🇫🇷 French Cuisine

Pot-au-Feu

French Boiled Dinner

Prep Time 4 hours
Servings 8
Difficulty Medium
Calories 473 kcal

The grand ancestor of French home cooking — beef and marrow bones simmered for hours with root vegetables, leeks, and herbs, yielding a crystal-clear consommé and fork-tender meat.

Ingredients

  • 1kg beef short ribs
  • 500g beef chuck
  • 2 marrow bones
  • 4 leeks, trimmed and halved
  • 4 carrots, peeled and halved
  • 4 turnips, peeled and quartered
  • 4 potatoes, peeled and halved
  • 1 celery root, peeled and quartered
  • 1 onion studded with 4 cloves
  • Bouquet garni (thyme, bay leaf, parsley stems)
  • Coarse salt, black peppercorns

Instructions

  1. 1 Place beef and marrow bones in a very large pot.

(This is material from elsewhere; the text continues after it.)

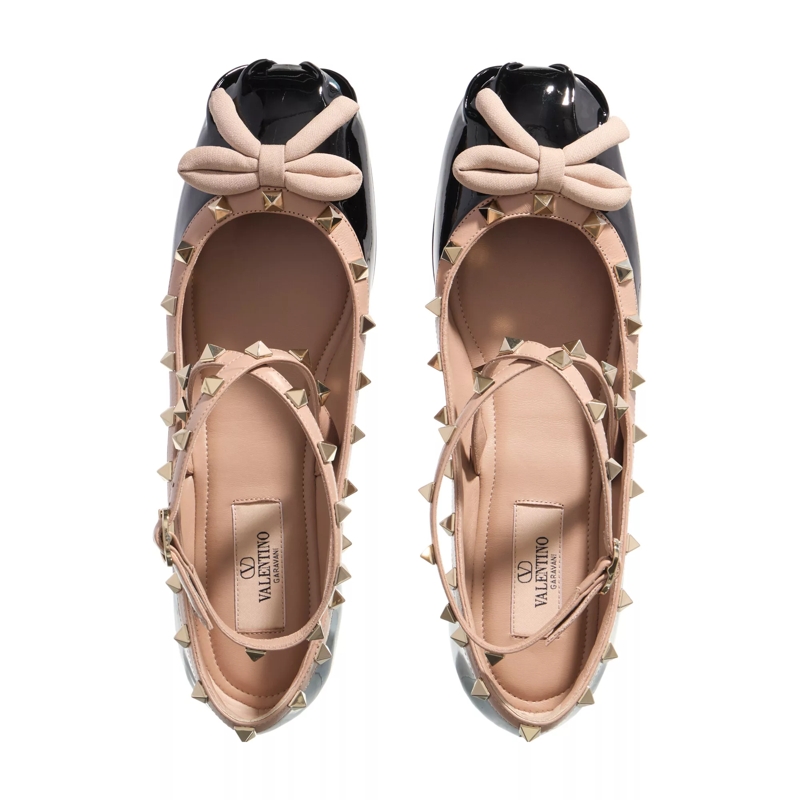 Valentino Garavani Ballerinas Ballerina Rockstud Nero Rose(Image 6)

Cover with cold water. Bring slowly to a simmer, skimming scum constantly.
  2. 2 Add the clove-studded onion, bouquet garni, peppercorns, and coarse salt. Simmer very gently (barely bubbling) for 2.5 hours.
  3. 3 Add carrots, turnips, celery root, and leeks. Continue simmering 45 min until vegetables are tender.
  4. 4 Add potatoes in the last 25 min.
  5. 5 Remove meat and vegetables to a warm platter. Strain the broth through a fine sieve.
  6. 6 Serve in two courses: first the clear broth in bowls with toast, then the sliced meat surrounded by vegetables with coarse salt, cornichons, and mustard.

Did You Know?

King Henry IV of France declared that every family should have a "poule au pot" (chicken in the pot) every Sunday — pot-au-feu is the beef version of that democratic ideal.